【Jリーグ】「オシムさんの面影を引きずり続けた」 巻誠一郎がジェフ千葉17年ぶりのJ1昇格で言いたかったこと (3ページ目)
【17年前の記憶が呼び起こされた】
「フクアリの奇跡」から17年。昨年、再び同じようなことが起きたのには驚かされました(昇格プレーオフ準決勝の大宮アルディージャ戦で、千葉は0-3の状況から逆転勝利)。
当時を知る選手は米倉(恒貴)だけで、スタッフも変わりましたけど、サポーターは変わらないですからね。あの時の光景を覚えているサポーターはかなりいたと思います。

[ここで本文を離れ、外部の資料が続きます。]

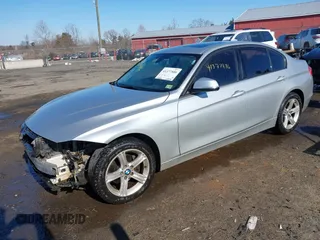 2013 BMW 3 Series 328i xDrive with VIN WBA3B5G51DNS05659, listed as a IAAI auction lot 41377886 with 159,972 mi miles. Bid and sale history available at carsss.com. Image 2.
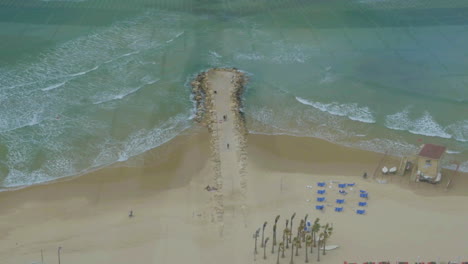 Vogelperspektive-Auf-Den-Strand-Und-Das-Meer-Mit-Felsigem-Pier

つまり、あの時のイメージがあるわけですよ。普通、0-3は絶望的な状況ですが、イメージがあるからあきらめずに声を出し続けられる。1点返した瞬間に、17年前の記憶が呼び起こされたんじゃないでしょうか。
実は僕も、あの試合を現地で観戦していました。本当は行く予定ではなかったんですけど、なんとなく行かなくちゃいけないと思い、急遽観戦したんです。
1点返した時のスタジアムの雰囲気は、あの時とまったく同じでした。あの空気を感じた時、このまま逆転するだろうと確信しました。
プレーオフの決勝は、現地で解説をやらせてもらいましたが、目の前で昇格を決めてくれた選手たちには感謝の思いしかありません。
フクアリの奇跡の翌年、僕らはまたしても苦しいシーズンを過ごし、今度は奇跡を起こすことができずに降格させてしまいました。J2に落とした当事者として、責任を感じていましたし、僕だけではなく、当時のメンバーはみんなその気持ちを持ち続けていたと思います。
プレーオフをホームで戦えたのは、ジェフにとって今回が初めてだったそうです。これまでも何度かプレーオフに回りましたけど、アウェーであったり、国立で開催されたりして、結局勝つことができませんでした。
その意味でも今回、あらためてホームの力を感じました。ホームだったからこそ、ジェフはJ1に戻ってくることができたんだと思います。
それにしても、まさか17年もJ1に上がれないなんて、当時は思いもよらなかったですね。降格した次の年に僕は移籍しましたけども、それ以降も僕はジェフのことを気にかけていました。J1に近づいた年もありましたけど、なかなかたどり着くことができない。本当に長い日々だったと思います。